» TASK OBJECTIVE
Once you have read the data below, please repeat all of it exactly.

[Records from a dataset]
----------------
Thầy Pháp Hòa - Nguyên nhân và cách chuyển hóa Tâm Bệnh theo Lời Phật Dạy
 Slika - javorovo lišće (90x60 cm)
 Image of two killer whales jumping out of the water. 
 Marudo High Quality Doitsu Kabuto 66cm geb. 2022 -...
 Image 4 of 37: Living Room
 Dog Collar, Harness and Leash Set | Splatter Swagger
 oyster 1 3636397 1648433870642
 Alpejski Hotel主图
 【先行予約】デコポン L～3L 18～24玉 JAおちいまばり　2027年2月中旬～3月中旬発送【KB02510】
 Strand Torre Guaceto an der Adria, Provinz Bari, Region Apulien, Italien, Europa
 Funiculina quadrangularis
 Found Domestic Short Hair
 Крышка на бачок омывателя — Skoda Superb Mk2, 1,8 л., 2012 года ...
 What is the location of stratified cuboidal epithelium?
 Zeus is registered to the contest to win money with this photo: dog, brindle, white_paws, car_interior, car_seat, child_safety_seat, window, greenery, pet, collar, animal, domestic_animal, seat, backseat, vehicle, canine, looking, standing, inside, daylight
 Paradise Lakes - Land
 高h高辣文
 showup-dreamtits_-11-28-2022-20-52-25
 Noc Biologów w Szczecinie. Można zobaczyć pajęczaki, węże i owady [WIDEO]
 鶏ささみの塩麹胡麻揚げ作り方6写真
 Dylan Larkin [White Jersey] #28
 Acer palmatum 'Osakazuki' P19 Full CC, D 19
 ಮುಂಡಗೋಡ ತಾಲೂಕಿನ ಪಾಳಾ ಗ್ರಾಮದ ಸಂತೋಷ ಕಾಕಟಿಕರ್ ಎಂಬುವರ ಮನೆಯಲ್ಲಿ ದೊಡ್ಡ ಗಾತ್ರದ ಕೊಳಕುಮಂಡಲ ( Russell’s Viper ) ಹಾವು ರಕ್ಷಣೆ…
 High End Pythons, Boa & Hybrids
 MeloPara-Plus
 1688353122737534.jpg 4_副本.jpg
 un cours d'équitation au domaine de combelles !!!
----------------
» RESULT OF THE TASK
Thầy Pháp Hòa - Nguyên nhân và cách chuyển hóa Tâm Bệnh theo Lời Phật Dạy
 Slika - javorovo lišće (90x60 cm)
 Image of two killer whales jumping out of the water. 
 Marudo High Quality Doitsu Kabuto 66cm geb. 2022 -...
 Image 4 of 37: Living Room
 Dog Collar, Harness and Leash Set | Splatter Swagger
 oyster 1 3636397 1648433870642
 Alpejski Hotel主图
 【先行予約】デコポン L～3L 18～24玉 JAおちいまばり　2027年2月中旬～3月中旬発送【KB02510】
 Strand Torre Guaceto an der Adria, Provinz Bari, Region Apulien, Italien, Europa
 Funiculina quadrangularis
 Found Domestic Short Hair
 Крышка на бачок омывателя — Skoda Superb Mk2, 1,8 л., 2012 года ...
 What is the location of stratified cuboidal epithelium?
 Zeus is registered to the contest to win money with this photo: dog, brindle, white_paws, car_interior, car_seat, child_safety_seat, window, greenery, pet, collar, animal, domestic_animal, seat, backseat, vehicle, canine, looking, standing, inside, daylight
 Paradise Lakes - Land
 高h高辣文
 showup-dreamtits_-11-28-2022-20-52-25
 Noc Biologów w Szczecinie. Można zobaczyć pajęczaki, węże i owady [WIDEO]
 鶏ささみの塩麹胡麻揚げ作り方6写真
 Dylan Larkin [White Jersey] #28
 Acer palmatum 'Osakazuki' P19 Full CC, D 19
 ಮುಂಡಗೋಡ ತಾಲೂಕಿನ ಪಾಳಾ ಗ್ರಾಮದ ಸಂತೋಷ ಕಾಕಟಿಕರ್ ಎಂಬುವರ ಮನೆಯಲ್ಲಿ ದೊಡ್ಡ ಗಾತ್ರದ ಕೊಳಕುಮಂಡಲ ( Russell’s Viper ) ಹಾವು ರಕ್ಷಣೆ…
 High End Pythons, Boa & Hybrids
 MeloPara-Plus
 1688353122737534.jpg 4_副本.jpg
 un cours d'équitation au domaine de combelles !!!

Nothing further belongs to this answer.